Organic Mental Disorders:

Psychological or behavioral abnormalities associated with a dysfunction of the brain. History and physical examination or laboratory tests demonstrate the presence of a specific organic factor judged to be etiologically related to the abnormal mental state and loss of previously acquired functional abilities.The required level of severity for these disorders is met when the requirements in both A and B are satisfied.

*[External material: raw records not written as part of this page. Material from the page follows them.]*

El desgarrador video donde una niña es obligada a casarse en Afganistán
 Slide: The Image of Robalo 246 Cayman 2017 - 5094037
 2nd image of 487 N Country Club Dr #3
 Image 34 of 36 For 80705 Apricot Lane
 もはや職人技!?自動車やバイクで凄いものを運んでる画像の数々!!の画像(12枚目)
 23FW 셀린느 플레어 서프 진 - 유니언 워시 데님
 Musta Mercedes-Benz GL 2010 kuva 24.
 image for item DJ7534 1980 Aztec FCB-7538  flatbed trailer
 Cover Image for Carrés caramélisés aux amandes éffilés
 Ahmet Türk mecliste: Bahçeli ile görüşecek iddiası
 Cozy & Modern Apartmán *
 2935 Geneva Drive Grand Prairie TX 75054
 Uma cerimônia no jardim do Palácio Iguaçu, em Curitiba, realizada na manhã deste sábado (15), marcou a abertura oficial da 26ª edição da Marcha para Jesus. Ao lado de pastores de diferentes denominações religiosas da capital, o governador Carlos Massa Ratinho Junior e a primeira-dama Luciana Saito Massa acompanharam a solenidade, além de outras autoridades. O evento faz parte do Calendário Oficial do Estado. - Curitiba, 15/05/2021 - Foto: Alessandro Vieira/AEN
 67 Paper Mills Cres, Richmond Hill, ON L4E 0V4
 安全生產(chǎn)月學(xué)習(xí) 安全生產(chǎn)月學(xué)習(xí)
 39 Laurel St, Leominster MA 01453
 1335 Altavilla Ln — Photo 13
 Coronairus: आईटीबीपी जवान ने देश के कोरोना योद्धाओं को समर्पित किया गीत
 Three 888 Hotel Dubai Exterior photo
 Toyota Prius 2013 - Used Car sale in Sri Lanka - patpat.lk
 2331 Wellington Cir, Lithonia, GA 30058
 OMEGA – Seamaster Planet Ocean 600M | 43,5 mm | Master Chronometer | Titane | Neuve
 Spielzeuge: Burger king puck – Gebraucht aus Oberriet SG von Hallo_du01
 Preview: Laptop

A. Demonstration of a loss of specific cognitive abilities or affective changes and the medically documented persistence of at least one of the following:

  1. Disorientation to time and place; or
  2. Memory impairment, either short-term (inability to learn new information), intermediate, or long-term (inability to remember information that was known sometime in the past); or
  3. Perceptual or thinking disturbances (e.g., hallucinations, elusions); or
  4. Change in personality;or
  5. Disturbance in mood; or
  6. Emotional lability (e.g., explosive temper outbursts, sudden crying etc.) and impairment in impulse control; or
  7. Loss of measured intellectual ability of at least fifteen I.Q. points from premorbid levels or overall impairment index clearly within the severely impaired range on neuropsychological testing, e.g., the Luria-Nebraska, Halstead-Reitan, sect; AND

B. Resulting in at least two of the following:

  1. Marked restriction in activities of daily living; or
  2. Marked difficulties in maintaining social functioning; or
  3. Deficiencies of concentration, persistence or pace resulting in frequent failure to complete tasks in a timely manner (in work settings or elsewhere); or
  4. Repeated episodes of deterioration or decompensation in work or work-like settings which cause the individual to withdraw from that situation or to experience exacerbation of signs and symptoms (which may include deterioration of adaptive behavior)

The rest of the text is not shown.